## Try it
The entries below are to be copied exactly, with every picture left out.
————
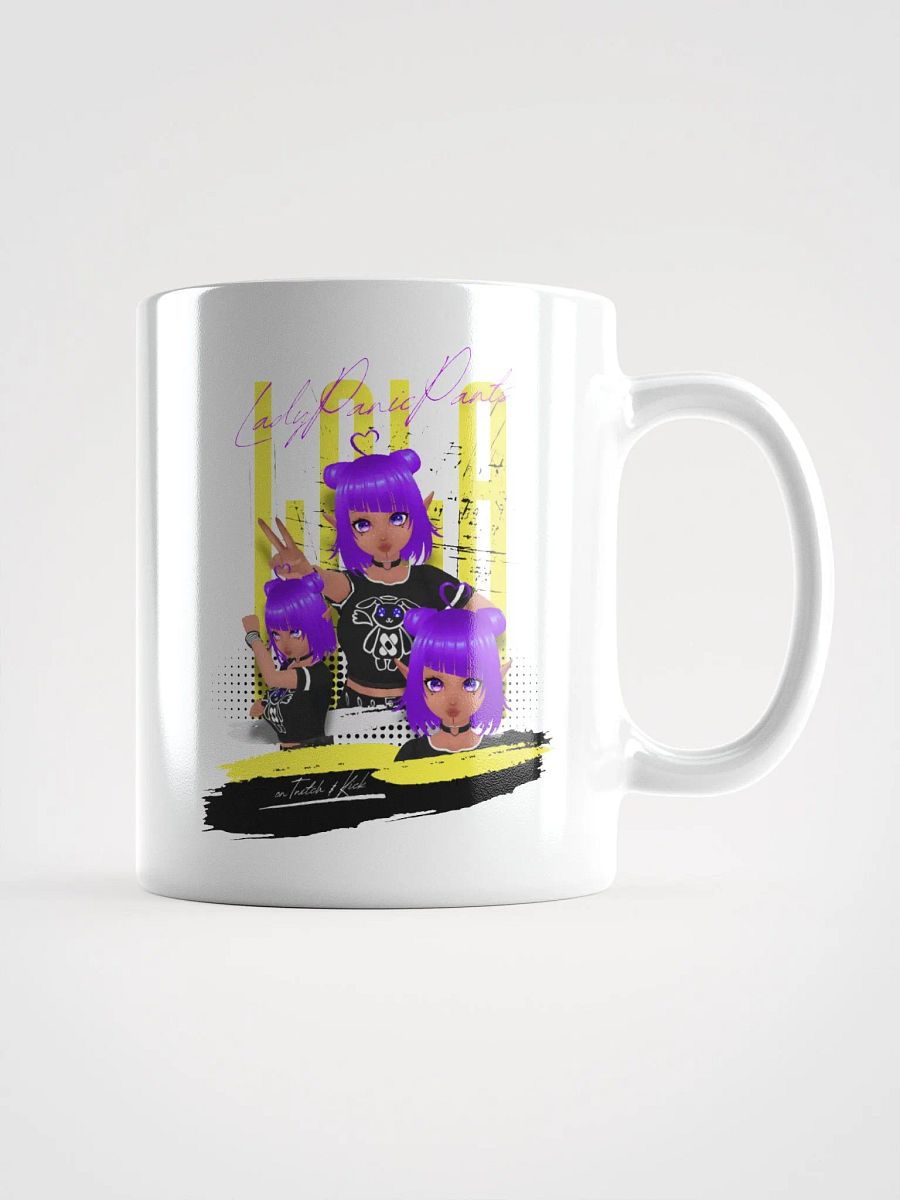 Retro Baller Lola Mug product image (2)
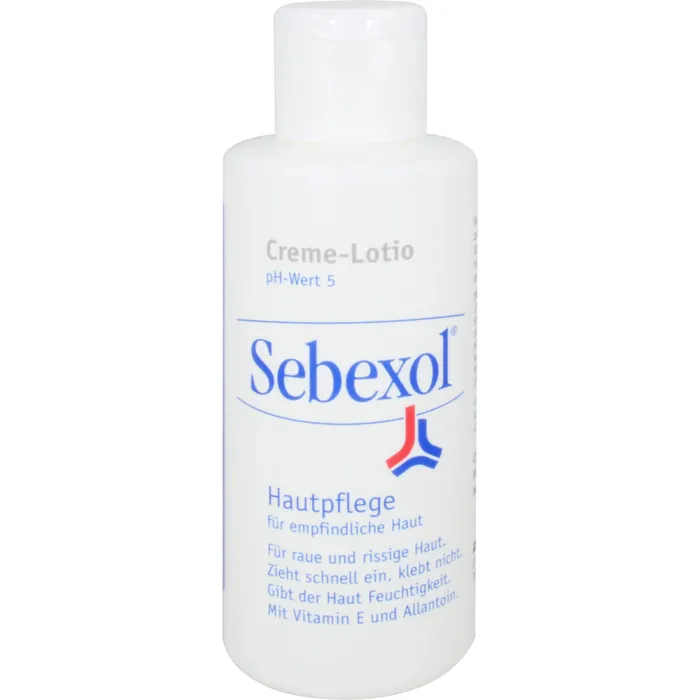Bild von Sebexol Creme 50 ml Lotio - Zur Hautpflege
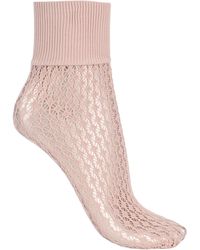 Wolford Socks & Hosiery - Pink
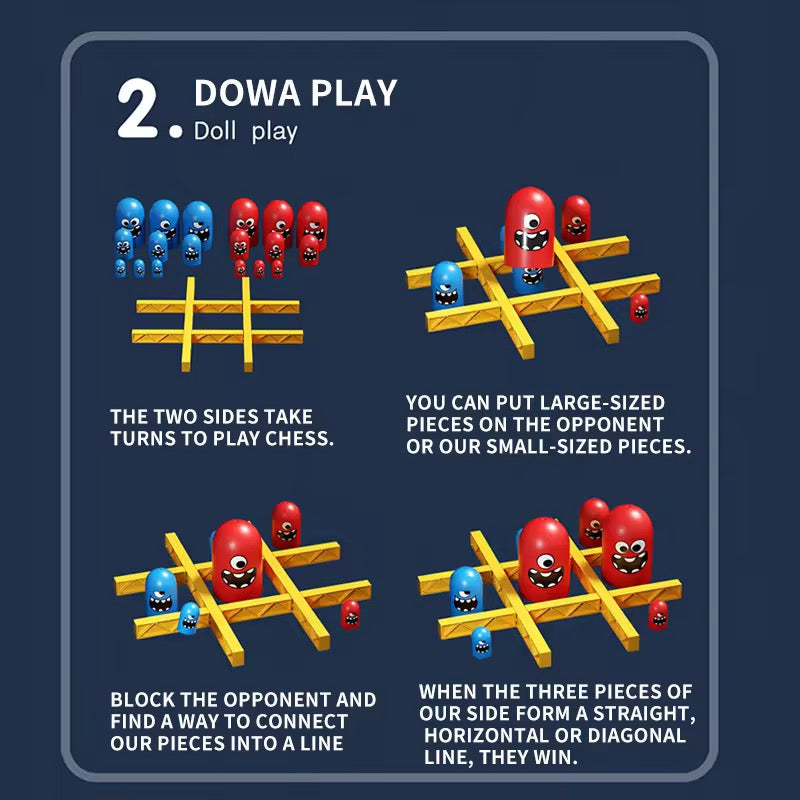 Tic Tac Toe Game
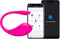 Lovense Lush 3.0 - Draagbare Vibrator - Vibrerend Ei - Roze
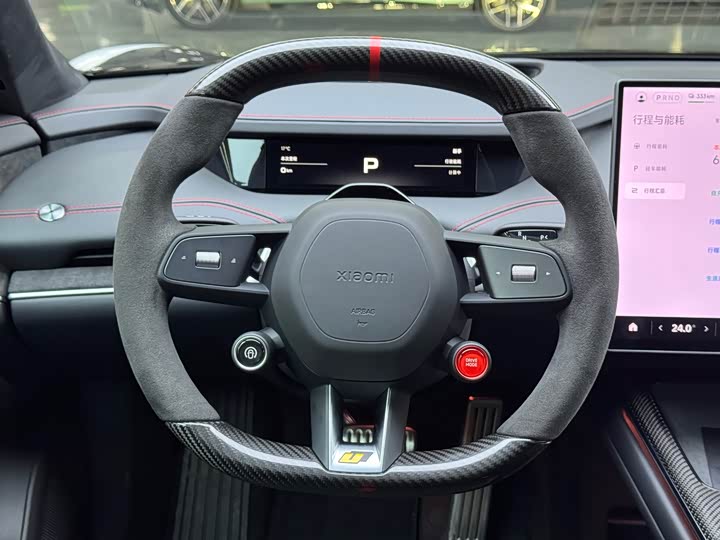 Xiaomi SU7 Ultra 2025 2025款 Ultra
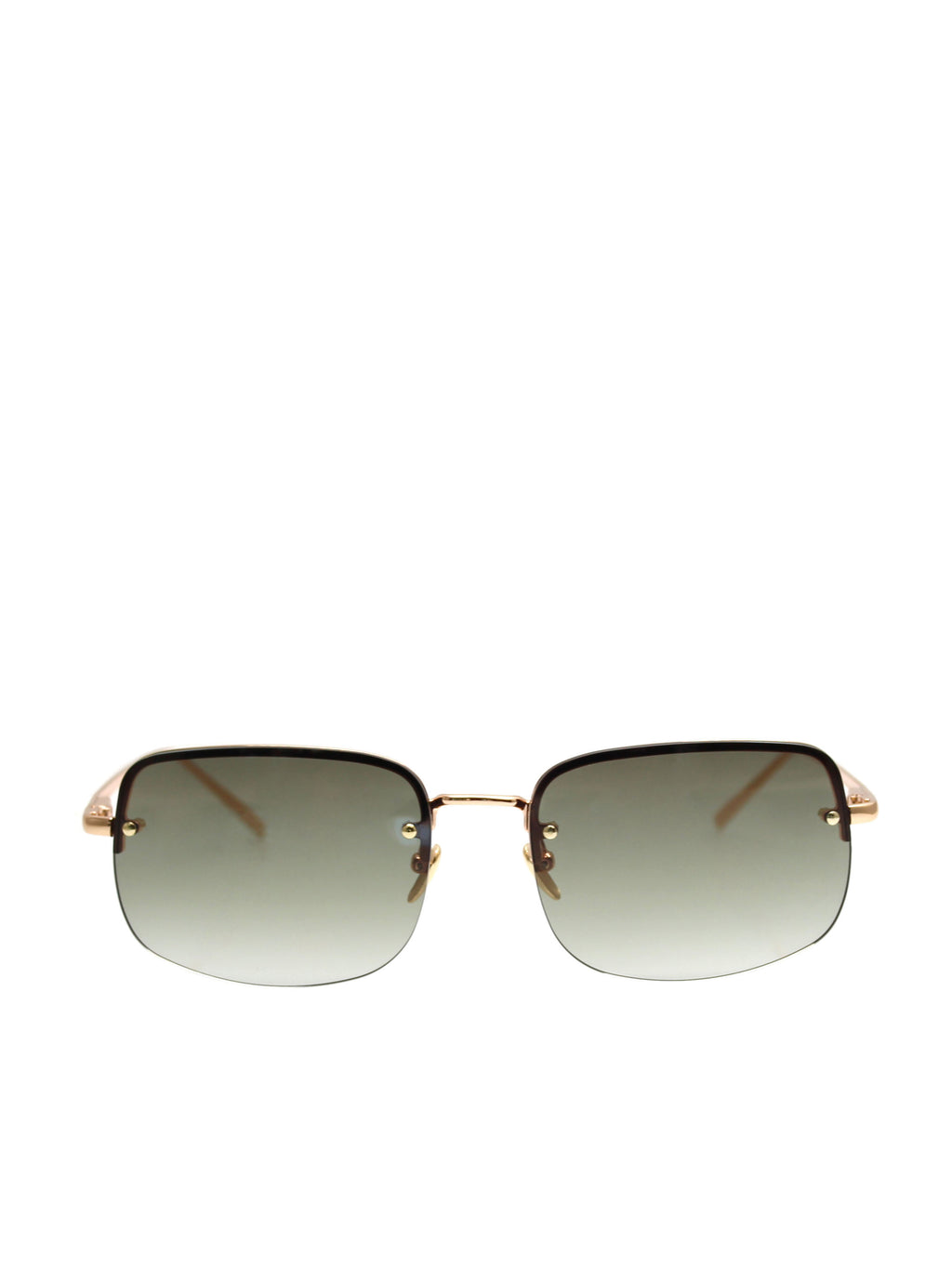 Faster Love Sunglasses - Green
————
## Task result
 Retro Baller Lola Mug product image (2)
Bild von Sebexol Creme 50 ml Lotio - Zur Hautpflege
 Wolford Socks & Hosiery - Pink
 Tic Tac Toe Game
 Lovense Lush 3.0 - Draagbare Vibrator - Vibrerend Ei - Roze
 Xiaomi SU7 Ultra 2025 2025款 Ultra
 Faster Love Sunglasses - Green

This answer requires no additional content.